## What the exercise asks
Please leave out pictures and print exactly the lines from the one that has "A row of luminous" through the last line of the material below.

Top of Dataset section

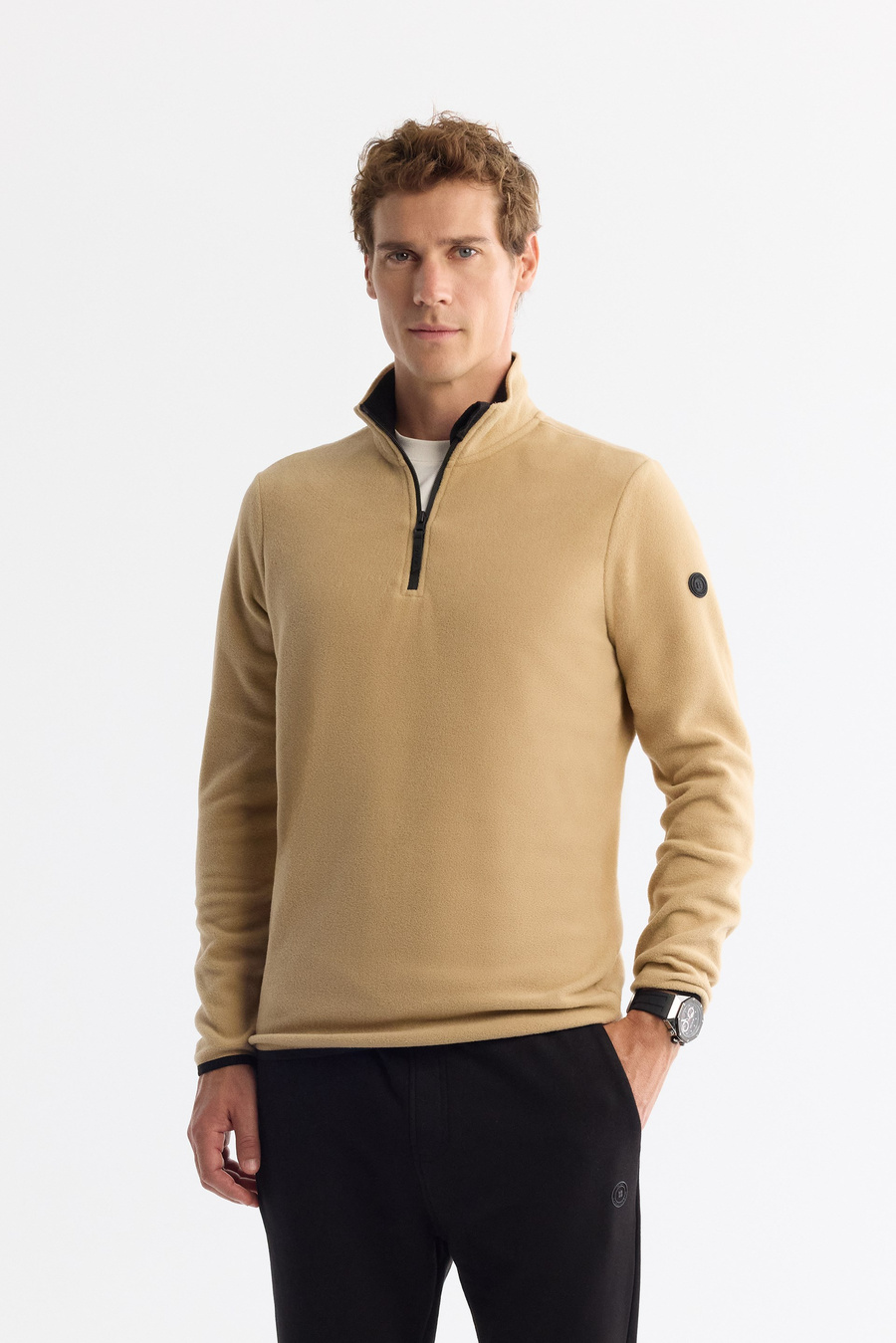 Bej Dik Yaka Fermuarlı Soft Touch Polar Sweatshirt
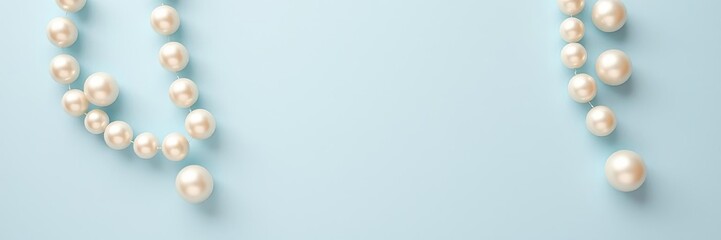 A row of luminous white pearls arranged in a pattern on a pastel blue background with subtle shine and texture details, pearl arrangement, smooth surface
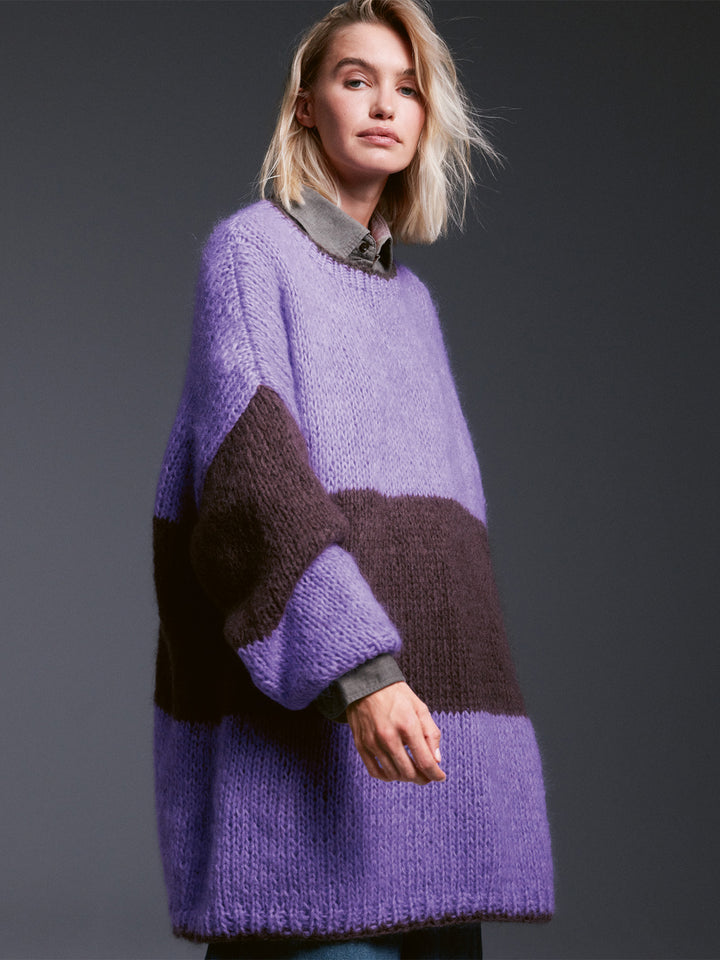 Breipakket Mohair Di Gio jurk met blokstrepen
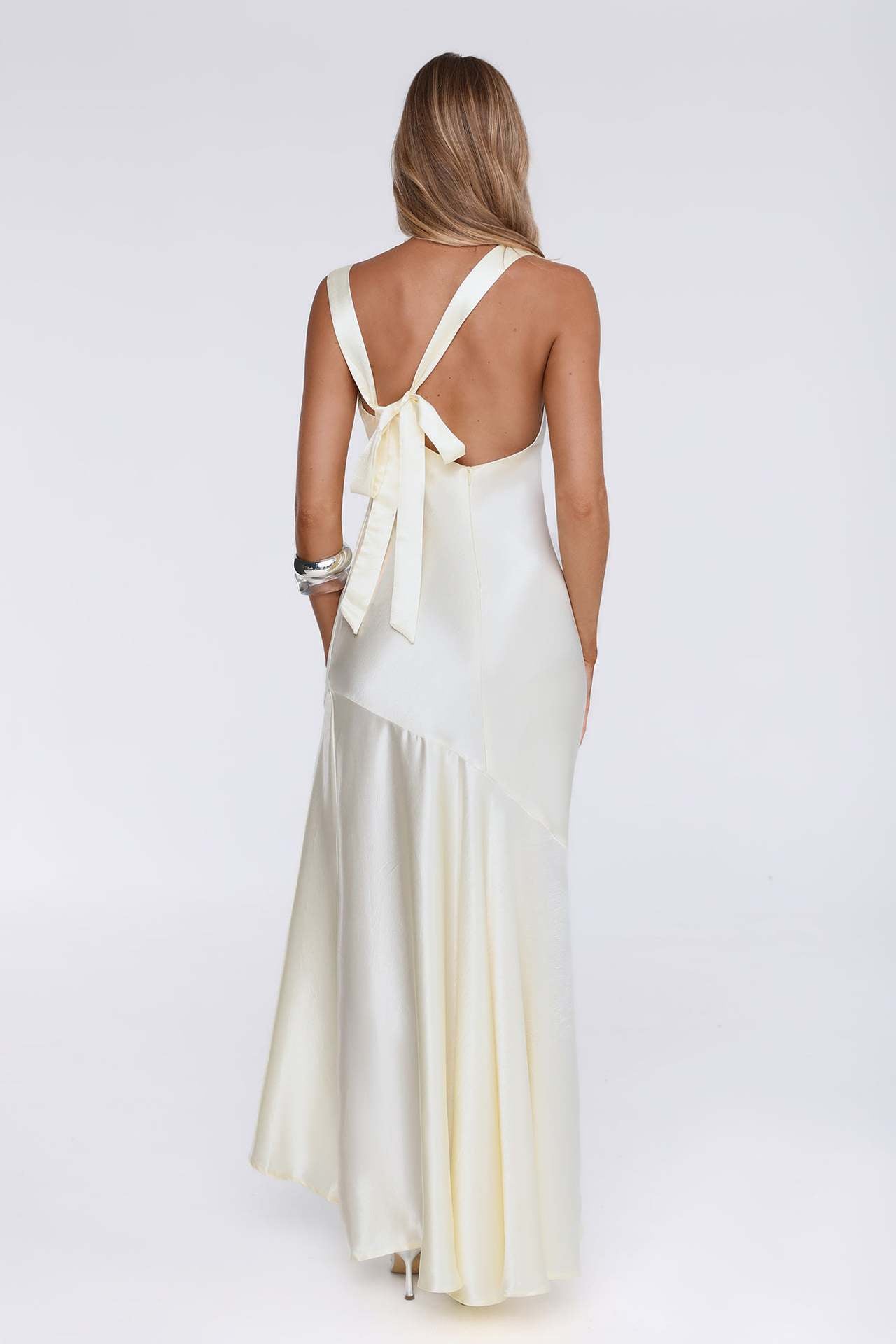 ivory satin fishtail large swing maxi dress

Bottom of Dataset section

## Solution below
 A row of luminous white pearls arranged in a pattern on a pastel blue background with subtle shine and texture details, pearl arrangement, smooth surface
 Breipakket Mohair Di Gio jurk met blokstrepen
 ivory satin fishtail large swing maxi dress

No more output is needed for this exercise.